Есть такая книга – «Я – истребитель», написанная генерал-майором авиации Героем Советского Союза Георгием Нефёдовичем Захаровым. Перед войной он командовал 43-й истребительной авиадивизией Западного Особого военного округа. Пребывая тогда в звании полковника, Захаров уже имел опыт боёв в Испании (6 самолётов лично сбитых и 4 в группе) и в Китае (3 лично сбитых).

Цитата из его книги будет обширной, но существенно сократить её я не мог – здесь важна каждая фраза:

 

 

«…Где-то в середине последней предвоенной недели – это было либо семнадцатого, либо восемнадцатого июня сорок первого года – я получил приказ командующего авиацией Западного Особого военного округа пролететь над западной границей. Протяженность маршрута составляла километров четыреста, а лететь предстояло с юга на север – до Белостока.

Я вылетел на У-2 вместе со штурманом 43-й истребительной авиадивизии майором Румянцевым. Приграничные районы западнее государственной границы были забиты войсками. В деревнях, на хуторах, в рощах стояли плохо замаскированные, а то и совсем не замаскированные танки, бронемашины, орудия. По дорогамшныряли мотоциклы, легковые – судя по всему, штабные – автомобили. Где-то в глубине огромной территории зарождалось движение, которое здесь, у самой нашей границы, притормаживалось, упираясь в нее… и готовое вот-вот перехлестнуть через неё.

Количество войск, зафиксированное нами на глазок, вприглядку, не оставляло мне никаких иных вариантов для размышлений, кроме единственного: близится война.

Всё, что я видел во время полета, наслаивалось на мой прежний военный опыт, и вывод, который я для себя сделал, можно сформулировать в четырех словах: «со дня на день».

Мы летали тогда немногим более трех часов. Я часто сажал самолет на любой подходящей (выделение здесь и далее моё. – С.К.) площадке, которая могла бы показаться случайной, если бы к самолету тут же не подходил пограничник. Пограничник возникал бесшумно, молча брал под козырек (то есть он заранее знал, что скоро сядет наш самолёт со срочной информацией! – С.К.) и несколько минут ждал, пока я писал на крыле донесение. Получив донесение, пограничник исчезал, а мы снова поднимались в воздух и, пройдя 30–50 километров, снова садились. И я снова писал донесение, а другой пограничник молча ждал и потом, козырнув, бесшумно исчезал. К вечеру таким образом мы долетели до Белостока и приземлились в расположении дивизии Сергея Черных»…

 

 

Пограничники – это служба Берии! Поэтому не приходится сомневаться: из пограничного «секрета» донесение Захарова уходило на погранзаставу, оттуда – в штаб погранотряда, оттуда – в штаб пограничного (не военного!) округа, тот телеграфировал в Главное управление погранвойск НКВД, и общая сводка по полёту была положена на стол наркома, то есть – Берии.

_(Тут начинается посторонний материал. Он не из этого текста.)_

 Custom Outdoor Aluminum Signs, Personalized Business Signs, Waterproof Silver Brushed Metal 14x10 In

Случай с Захаровым – не просто особый! Он – в точном смысле слова – уникален. И в подлинной истории войны он должен быть записан жирным шрифтом и заглавными буквами!

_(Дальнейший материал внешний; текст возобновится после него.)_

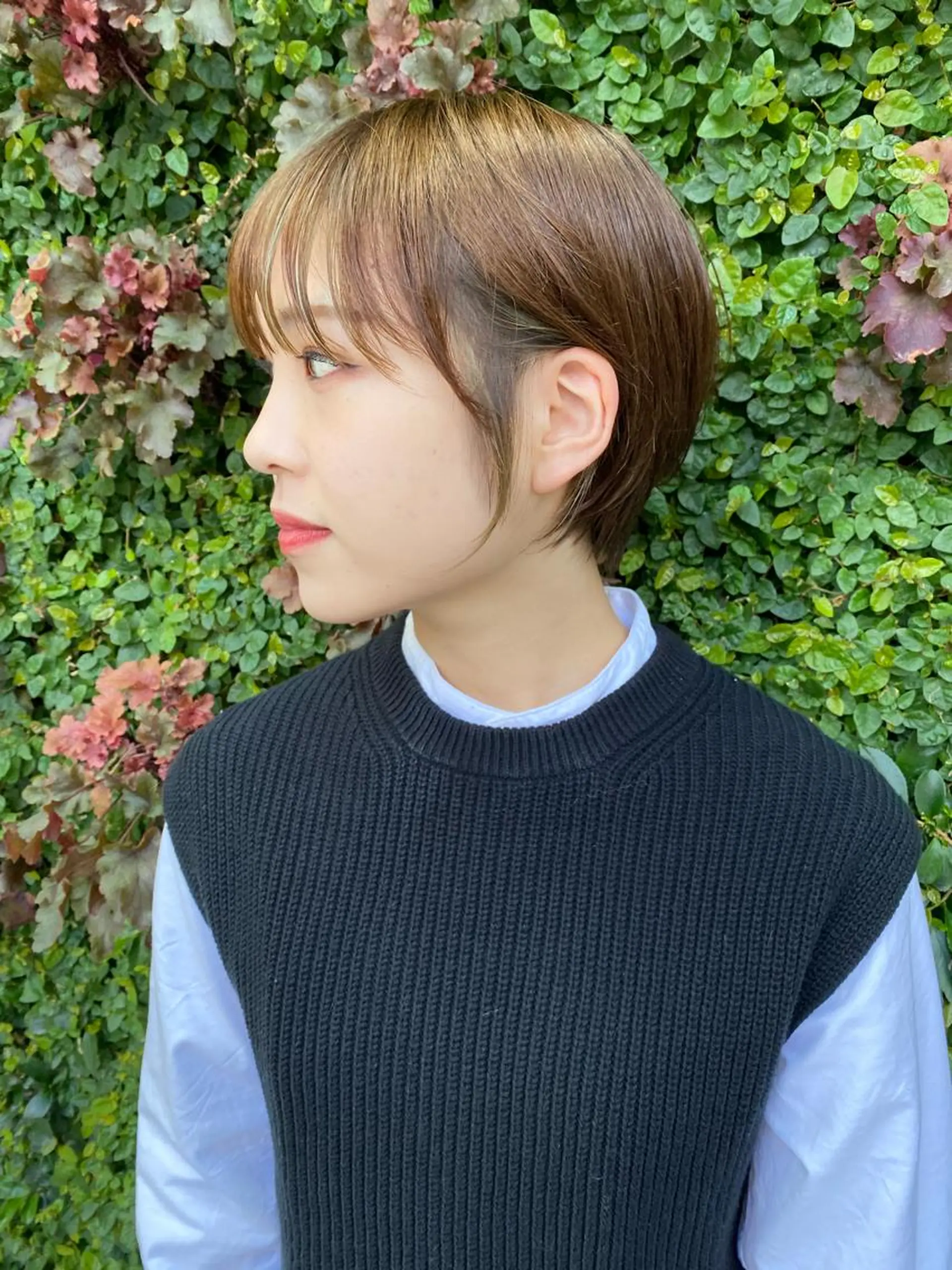 ショート カラー ショートヘア カット ヘアカラー トリートメント 山崎 雄太のヘアスタイル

А почему так – несколько позже.

Сейчас же отметим вот что… Задачу на полёт Захарову ставило армейское начальство, и после приземления в Белостоке полковник докладывал ему. Так какой же была реакция этого начальства?

Захаров пишет:

 

 

«В Белостоке заместитель командующего Западным Особым военным округом генерал И.В. Болдин проводил разбор недавно закончившихся учений. Я кратко доложил ему о результатах полета и в тот же вечер на истребителе, предоставленном мне Черных, вернулся в Минск…»

 

 

Странно!

«Продвинутые» «историки» обвиняют Сталина в том, что он запрещал любые перемещения войск вблизи границы. А на деле в Зап ОВО в июне 1941 года даже учения проводились! «Историки» же утверждают, что Сталин требовал от военных, чтобы они сидели на своих местах тихо, как мышки, почему, мол, войска в кальсонах войну и встретили…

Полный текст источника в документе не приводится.